Source: global-climat.

Pour une meilleure prévision des séismes et des tsunamis // For a better earthquake and tsunami prediction

Des chercheurs ont conçu un nouvel algorithme capable de décrire avec grande précision un signal gravitationnel provoqué par des séismes. Cela pourrait permettre d’améliorer les systèmes d’alerte précoce concernant les séismes ou les tsunamis.

Les séismes envoient des signaux qui se déplacent à la vitesse de la lumière et peuvent être enregistrés avant les ondes sismiques qui sont relativement lentes. Ces signaux représentent des changements soudains de gravité causés par un déplacement de la masse interne de la Terre. Récemment, ces signaux rapides d’élastogravité (PEGS) ont été suivis dans leurs déplacements par des mesures sismiques. Grâce aux PEGS, il est possible de détecter un séisme très tôt, avant même l’arrivée des ondes sismiques ou des vagues de tsunami destructrices.
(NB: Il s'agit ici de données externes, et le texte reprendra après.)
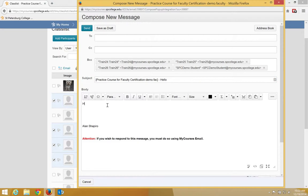Type the message in the body of the email. Click the Send button.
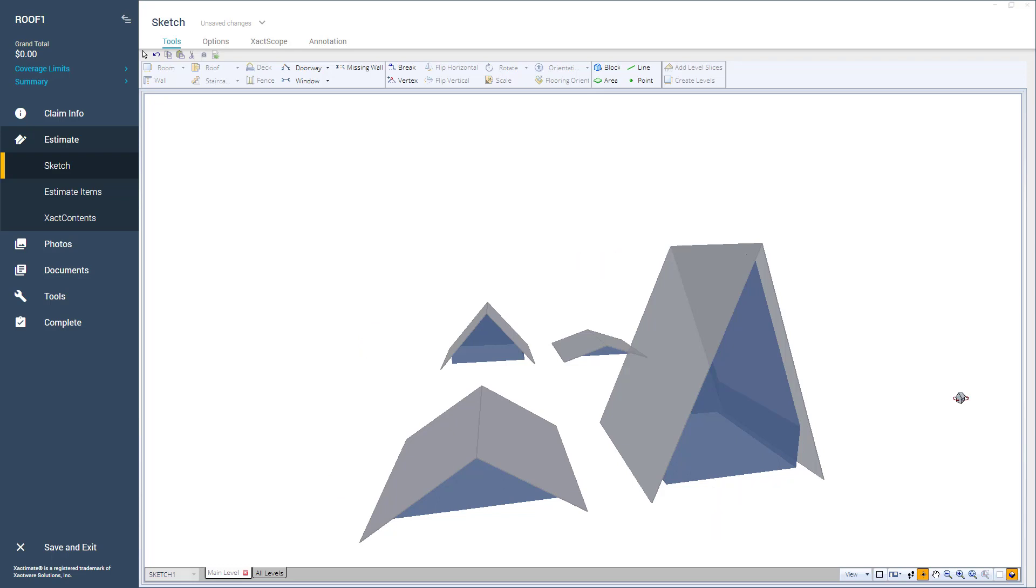Learning about roof rise, run, and slope can help you sketch a roof's structure more efficiently.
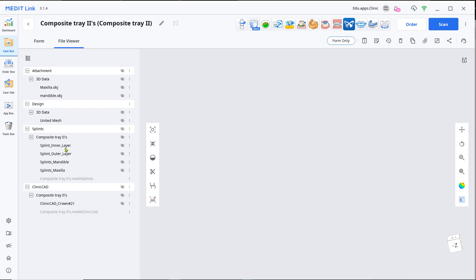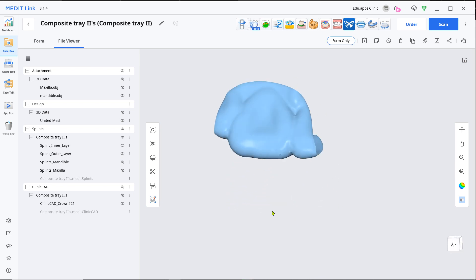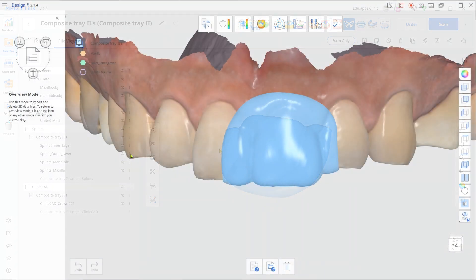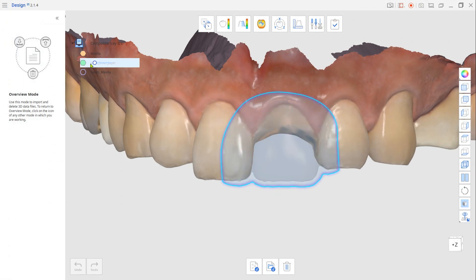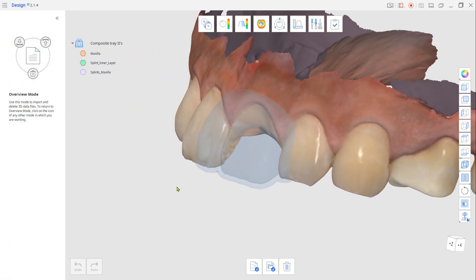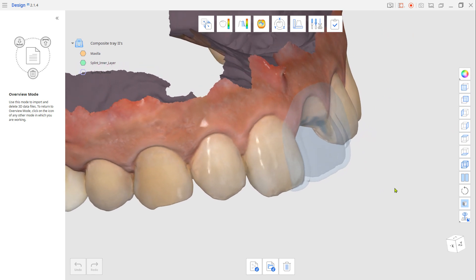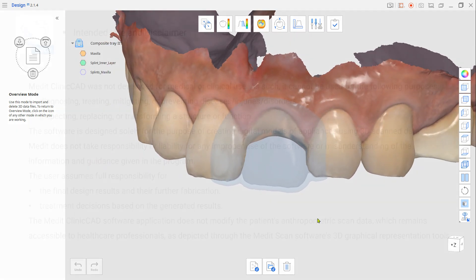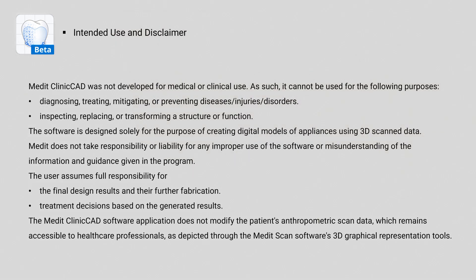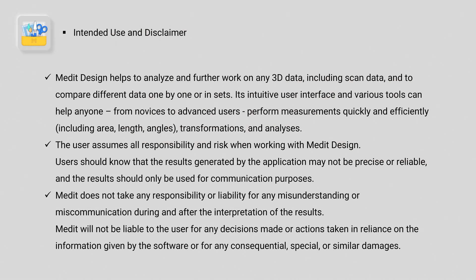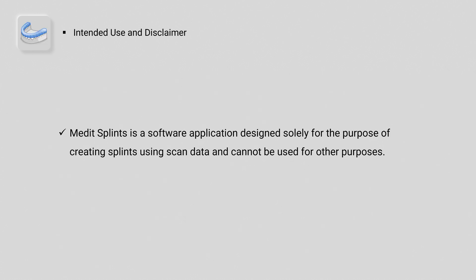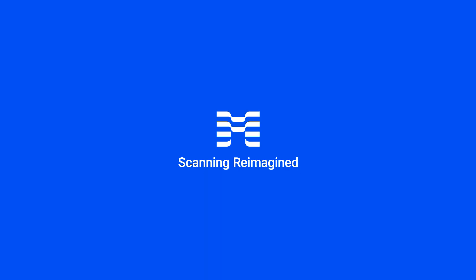Now you have an inner layer splint that will be the composite tray for the missing teeth. Thank you.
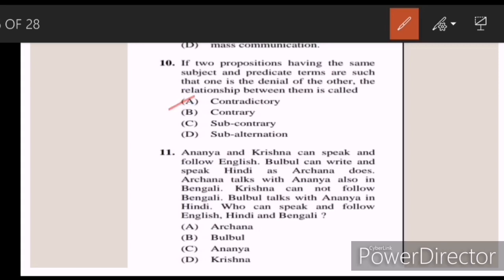Eleven: Ananya and Krishna can speak and follow English. Bulbul can write and speak Hindi as Arjana does. Arjana talks with Ananya also in Bengali. Krishna cannot follow Bengali. Bulbul talks with Ananya in Hindi. Who can speak and follow English, Hindi and Bengali? Answer C — Ananya.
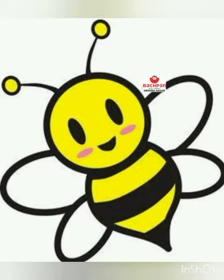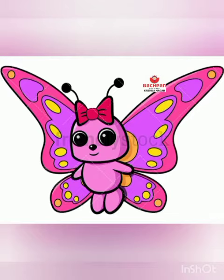Which is the most beautiful insect? Butterfly.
Cependant, l’effet gravitationnel de ce phénomène est si faible qu’il ne représente que moins d’un milliardième de la gravité de la planète, ce qui signifie que les PEGS peuvent être enregistrés uniquement pour les séismes les plus puissants. De plus, le processus de leur formation est complexe car ils sont non seulement produits directement à la source du séisme, mais également en permanence au moment où les ondes sismiques se déplacent à l’intérieur de la Terre.
Il n’existe pas de méthode exacte capable de simuler la formation des signaux PEGS sur les ordinateurs. Pour la première fois, l’algorithme proposé par les chercheurs du Centre de Recherche allemand GFZ pour les Géosciences est en mesure de calculer les signaux PEGS avec grande précision et plus de facilité. Les chercheurs ont démontré que ces signaux permettent de tirer des conclusions sur la puissance, la durée et le mécanisme des séismes les plus destructeurs.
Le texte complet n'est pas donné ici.